» THE DATA

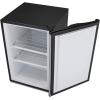 imageAntarctic Star Upright Freezer 11 Cuft Compact Mini Freezer with Reversible Single Door Temperature Control Removable Shelves Small freezer Stainless Steel for Dorms Home Office BlackSilver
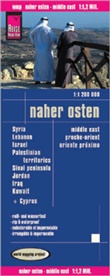 Peter Rump Verlag - World Mapping Project: Reise Know-How Landkarte Naher Osten. Middle East. Proche Orient. Oriente pr&oacute;ximo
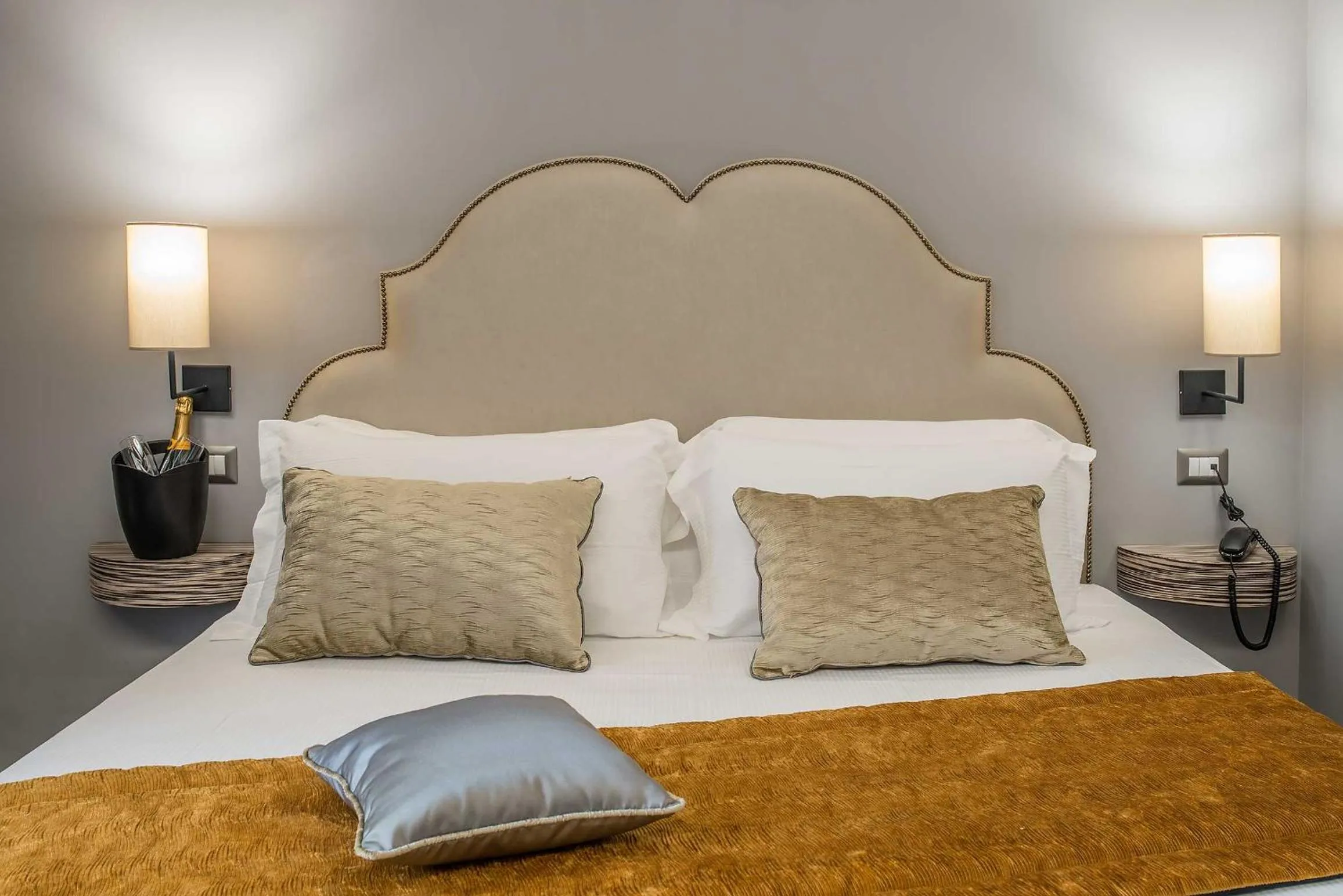 Superior Double or Twin Room in Colonna Suite Del Corso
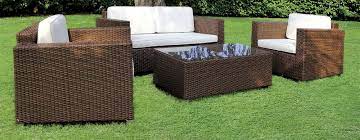 Set Da Giardino Divano Poltrone E Tavolino In Polyrattan Morel Venezia Marrone Set Salotto Da Giardino Div Decorazioni Esterne Tavolini Arredamento Esterno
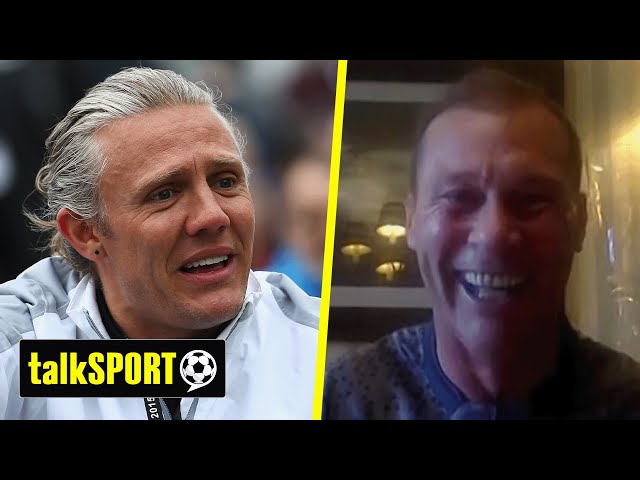 Duncan Ferguson and Jimmy Bullard Reunited LIVE on talkSPORT! 🤣🎙️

» AIM OF THE TASK
Set the listing down again exactly, skipping each picture.

» REPLY
 imageAntarctic Star Upright Freezer 11 Cuft Compact Mini Freezer with Reversible Single Door Temperature Control Removable Shelves Small freezer Stainless Steel for Dorms Home Office BlackSilver
 Peter Rump Verlag - World Mapping Project: Reise Know-How Landkarte Naher Osten. Middle East. Proche Orient. Oriente pr&oacute;ximo
 Superior Double or Twin Room in Colonna Suite Del Corso
 Set Da Giardino Divano Poltrone E Tavolino In Polyrattan Morel Venezia Marrone Set Salotto Da Giardino Div Decorazioni Esterne Tavolini Arredamento Esterno
 Duncan Ferguson and Jimmy Bullard Reunited LIVE on talkSPORT! 🤣🎙️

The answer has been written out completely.